Avec la précision d’une photographie parfaite, un pauvre lépreux se présente à ma vue spirituelle depuis ce matin, avant même que l’aube ne se lève.
C’est vraiment une ruine humaine. Je ne saurais dire quel âge il a, tellement le mal l’a dégradé. Squelettique, à demi nu, il montre son corps réduit à l’état d’une momie décharnée. Ses mains et ses pieds sont déformés, il en manque des parties, de sorte que ces pauvres extrémités ne paraissent plus appartenir à un homme. Ses mains désarticulées et déformées ressemblent aux pattes de quelque monstre ailé, ses pieds sont comme des sabots de bœuf, tant ils sont rabougris.
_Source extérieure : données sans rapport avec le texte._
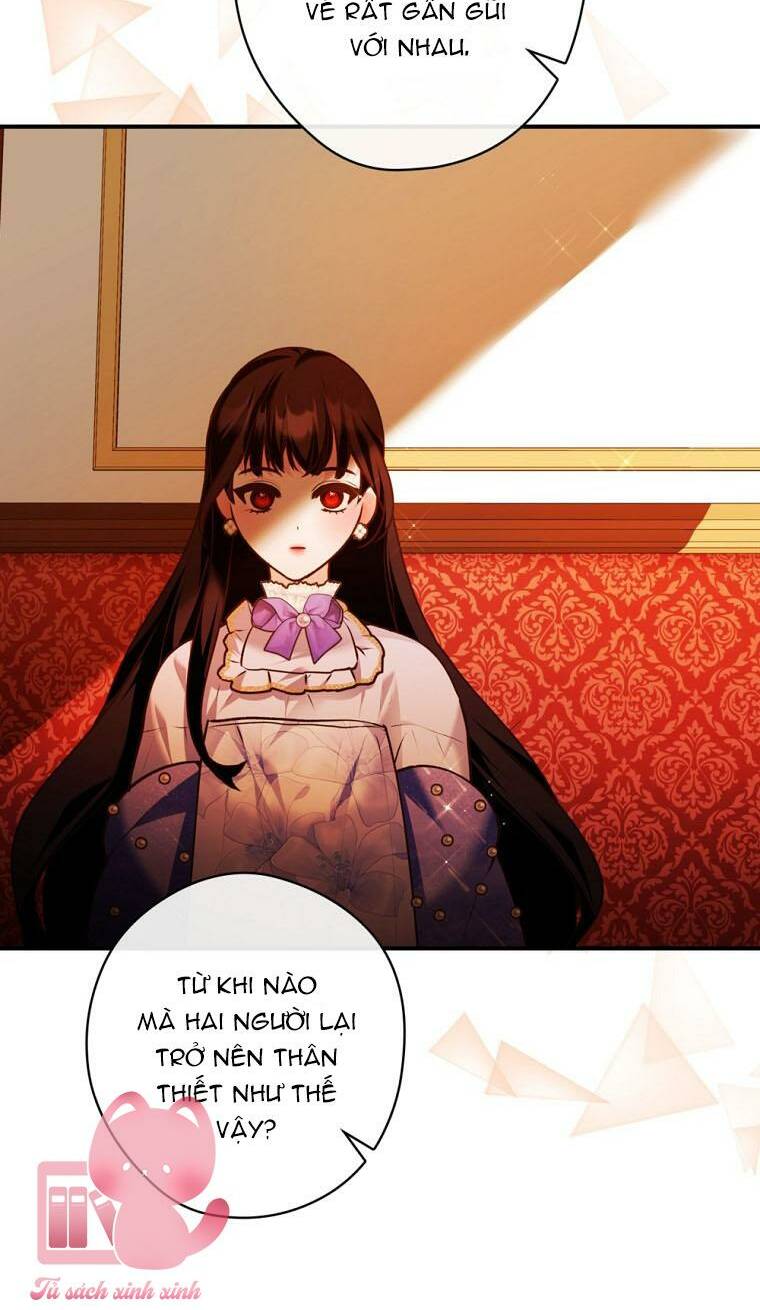 tiểu thư hắc ám nhà công tước chapter 23 - Next chapter 24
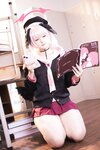 [Cosplay] 屿鱼 Patreon 23年6月-24年3月合集 [1239-1.91GB]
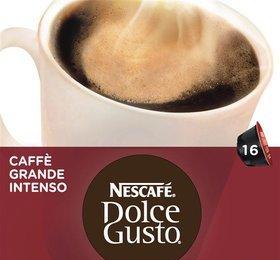 NESCAFÉ DOLCE GUSTO GRANDE INTENSO (NÁPLŇ), NESCAFÉ, DOLCE, GUSTO, GRANDE, INTENSO, NÁPLŇ,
Quant à la tête !… Je pense qu’un cadavre resté sans sépulture, momifié par le soleil et le vent, aurait une allure semblable. Il reste, par-ci par-là, quelques touffes de cheveux, collés à la peau jaunâtre et croûteuse comme si la poussière l’avait desséchée sur un crâne, des yeux à peine entrouverts et renfoncés, les lèvres et le nez dévorés par le mal mettent déjà à nu cartilages et gencives, les oreilles ne sont plus que des restes de pavillons informes ; par dessus tout cela s’étend une peau parcheminée, jaune comme certains kaolins, sous laquelle les os semblent percer. Cette peau doit avoir pour office de tenir ensemble ces pauvres os dans son sac dérisoire, tout marqué de cicatrices et lacéré de plaies putrides. Une ruine !
Ce misérable me fait penser exactement au spectre de la Mort parcourant la terre, dont le squelette, recouvert de lambeaux d’une peau sèche, se drape dans un manteau sordide tout en haillons ; mais au lieu d’une faux, il tient un bâton noueux, sûrement arraché à un arbre.
Il est debout sur le seuil d’une caverne éloignée de toute habitation. Une vraie ruine, tellement délabrée que je ne puis dire si à l’origine c’était un tombeau ou une cabane de bûcherons ou encore les restes d’une maison démolie. Il regarde du côté de la route, éloignée de plus de cent mètres de son antre, une voie de grande circulation, poussiéreuse et encore ensoleillée. Il n’y a personne sur la route. A perte de vue, soleil, poussière et solitude. Beaucoup plus loin, en montant vers le nord-ouest, il doit y avoir un village ou une ville. J’en vois les premières maisons à un kilomètre au moins.
Le lépreux regarde et soupire, puis il prend une écuelle ébréchée et la remplit à un petit ruisseau. Il boit. Il pénêtre dans un enchevêtrement de ronces, en arrière de l’antre, se penche, arrache au sol des radis sauvages. Il revient au ruisseau, où il les débarrasse du plus gros de la poussière avec le peu d’eau qui coule, et les mange lentement, en les portant péniblement à sa bouche, avec ses mains mutilées. Ils doivent être durs comme du bois. Il a du mal à les mastiquer. Il en recrache beaucoup sans arriver à les avaler malgré les gorgées d’eau qu’il absorbe.